TASK DETAILS
Repeat the listing in full, preserving every character.

RECORD EXTRACTS
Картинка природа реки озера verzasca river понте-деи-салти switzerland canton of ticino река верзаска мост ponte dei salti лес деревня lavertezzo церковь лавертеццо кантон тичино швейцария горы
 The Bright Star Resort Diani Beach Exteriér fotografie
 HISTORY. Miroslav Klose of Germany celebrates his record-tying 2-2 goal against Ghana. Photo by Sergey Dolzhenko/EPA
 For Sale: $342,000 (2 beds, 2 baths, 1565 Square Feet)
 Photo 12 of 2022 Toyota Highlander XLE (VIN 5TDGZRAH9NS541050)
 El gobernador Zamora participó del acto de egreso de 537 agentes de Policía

SOLUTION TO THE PROBLEM
Картинка природа реки озера verzasca river понте-деи-салти switzerland canton of ticino река верзаска мост ponte dei salti лес деревня lavertezzo церковь лавертеццо кантон тичино швейцария горы
 The Bright Star Resort Diani Beach Exteriér fotografie
 HISTORY. Miroslav Klose of Germany celebrates his record-tying 2-2 goal against Ghana. Photo by Sergey Dolzhenko/EPA
 For Sale: $342,000 (2 beds, 2 baths, 1565 Square Feet)
 Photo 12 of 2022 Toyota Highlander XLE (VIN 5TDGZRAH9NS541050)
 El gobernador Zamora participó del acto de egreso de 537 agentes de Policía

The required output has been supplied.